The quasi-electro grunge-pop Brighton trio somehow manage to tick every box with their debut album, from cultural relevance to shrewd lyrics, but, quite frankly, they probably wouldn’t care if they didn’t tick a single one.
Perhaps it’s naive optimism, but it really has felt like change is in the air lately, with societal and political movements such as #MeToo and, more recently, Black Lives Matter finally making waves. There is no better time, therefore, to unleash such a brash, brave record that truly takes on the world. Facing issues such as toxic masculinity, sexuality, misogyny, and body confidence, ‘Without The Eyes’ could not have come at a better time.
Vocalist Annie Dorrett opens the album (after a brief intro exclaiming the band’s name is pronounced “clit drip!”, just in case anyone was unsure) with ‘I Don’t Want To Go To The Gym’ – a fuck you to diet culture and female beauty standards delivered with an ironic Kardashian drawl. Perhaps Keeping Up With The Kardashians could’ve made it a few more seasons if Kim, Khloe, and co. started admitting that they don’t always want to go to the gym or have time to shave their legs like the rest of us.
From ‘Like Father’, which details the harsh imperfections in relationships, to ‘Skin Remover’, which takes a magnifying glass to shattered self-esteem, the themes explored in this album are intense, honest, and powerful. But it’s not only the lyrical content that challenges us; with hints of dream-pop in ‘Where The Boys Are’ and funky rhythm in ‘Seesaw’, CLT DRP refuse to be kept in a box.

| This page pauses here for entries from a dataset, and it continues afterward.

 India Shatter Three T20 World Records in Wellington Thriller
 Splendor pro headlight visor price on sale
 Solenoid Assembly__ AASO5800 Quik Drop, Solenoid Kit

This is never more obvious than in ‘Zoom 20’, which takes the throaty punk vocals of Hole, the pop hook of the Yeah Yeah Yeahs, the alt-EDM of Skrillex, and the riff-heavy backdrop of Enter Shikari to create something inspired yet completely new.
CLT DRP promote their brand of feminism in a way that is both nuanced and bold, heartfelt and aggressive, captivating and uncomfortable. Each new track peels off another unexpected layer, and, with it, another string to this band’s ever-growing bow. Undoubtedly, ‘Without The Eyes’ is the album that this generation never knew it needed.